Material provided Start Marker

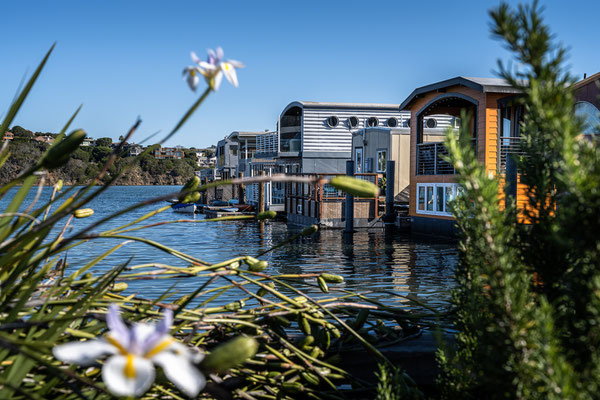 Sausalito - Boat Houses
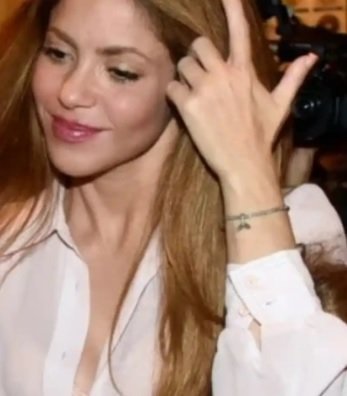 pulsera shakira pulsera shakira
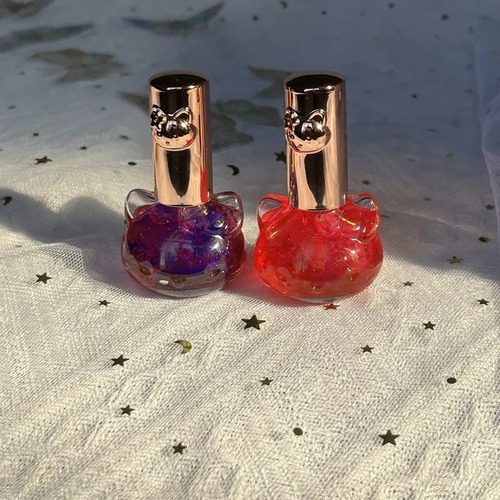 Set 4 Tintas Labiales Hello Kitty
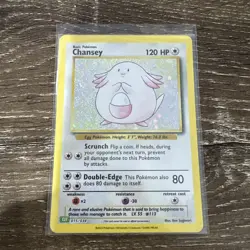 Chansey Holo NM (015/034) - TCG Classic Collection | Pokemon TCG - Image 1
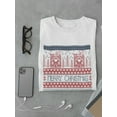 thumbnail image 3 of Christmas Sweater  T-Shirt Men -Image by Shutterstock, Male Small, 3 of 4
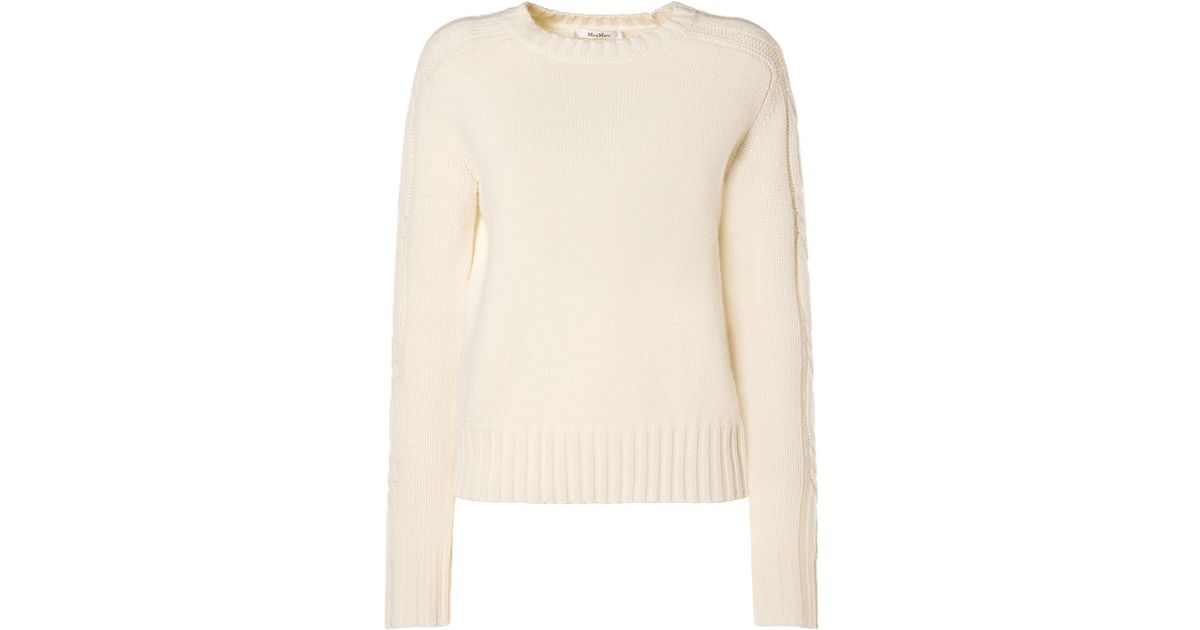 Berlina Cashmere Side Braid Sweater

Material provided End Marker
Material provided Start Marker

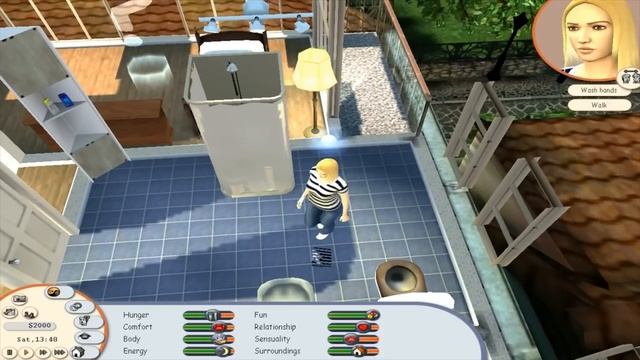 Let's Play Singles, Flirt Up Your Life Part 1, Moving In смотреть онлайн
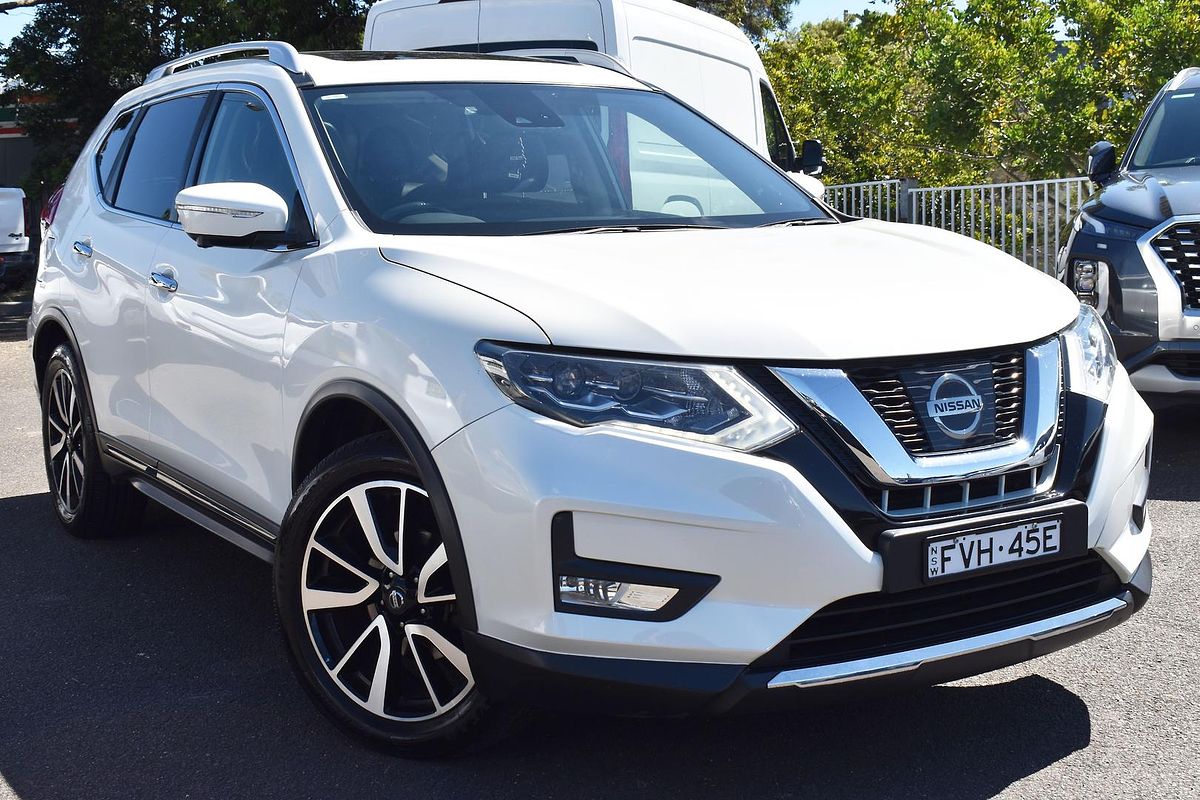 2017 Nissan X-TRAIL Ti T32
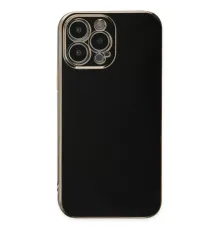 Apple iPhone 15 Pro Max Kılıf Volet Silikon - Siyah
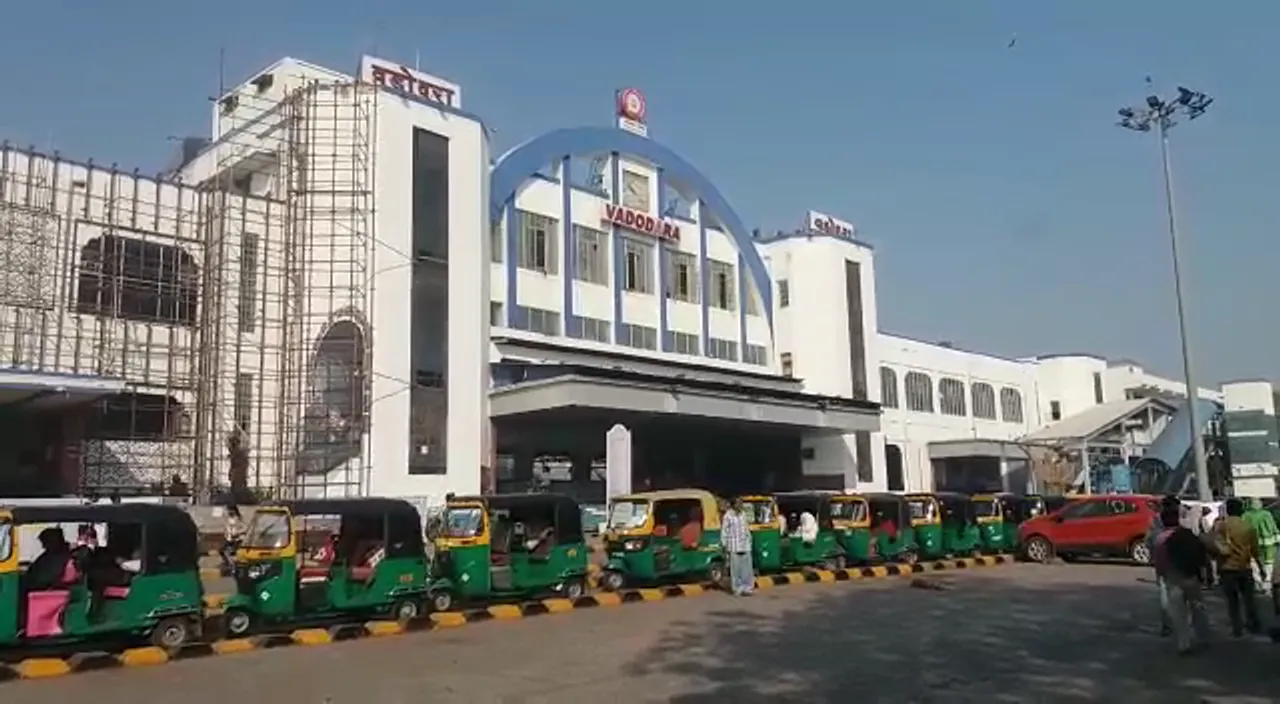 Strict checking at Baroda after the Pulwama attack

Material provided End Marker

### Exercise details
After locating "pulsera shakira pulsera shakira" and "Berlina Cashmere Side Braid Sweater" in the records above, return exactly the line holding each one and every line between them; leave out the pictures.

### Exercise solution
 pulsera shakira pulsera shakira
 Set 4 Tintas Labiales Hello Kitty
 Chansey Holo NM (015/034) - TCG Classic Collection | Pokemon TCG - Image 1
 thumbnail image 3 of Christmas Sweater  T-Shirt Men -Image by Shutterstock, Male Small, 3 of 4
 Berlina Cashmere Side Braid Sweater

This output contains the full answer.